The new version of the Google sitemap extension just appeared in TER. Earlier this extension was meet very enthusiastically by the community. This version fixes some issues reported by users. In particular these issues were fixed:
  • if root page is a shortcut, sitemap will be truncated to a small amount of pages
  • tt_news sitemap is empty if home page is a shortcut or if the news sysfolder is outside of the web site root
  • tt_news articles are not indexed by Google
The first two points are simple. I describe how to avoid the shortcut problem right below. The last problems needs a deeper explanation, which I provide closer to the end of this article.

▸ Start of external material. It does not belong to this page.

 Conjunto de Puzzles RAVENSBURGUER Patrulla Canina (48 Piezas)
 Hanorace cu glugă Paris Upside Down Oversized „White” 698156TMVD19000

Avoiding the shortcut problem

Firsts, it should be clear that the problem with shortcuted home page is not a problem that dd_googlesitemap may solve on its own. When the request comes, TYPO3 checks if page is a shortcut. If it is, TYPO3 will automatically resolve the shortcut to its destination page. Thus Google sitemap will run in the shortcut target page and show all subpages in the sitemap.
So how to show all pages of the site if the home page is shortcuted?
It is quite simple. There is a new option named tx_ddgooglesitemap.forceStartPid. Set it to the root page id of the site. That's it. The problem is solved.
Now let's get to the tt_news story.

Sitemap types and Google

Google supports two types of the sitemap:
  • "normal" sitemaps (yes, this is how they are really called!)
  • "news" sitemaps.
Normal sitemaps are what most people use. They work for the regular Google indexer.
News sitemaps are for news. The least known fact is that Google indexer does not take news sitemap into account at all. News sitemaps are for Google Reader only!
The image below shows URL statistics for the news sitemap I submitted to Google. 'Indexed URLs in Sitemap' field shows zero. This fact made me suspicious and I did a little hunt on the Internet. It appears that tt_news should be presented using a "normal" sitemap.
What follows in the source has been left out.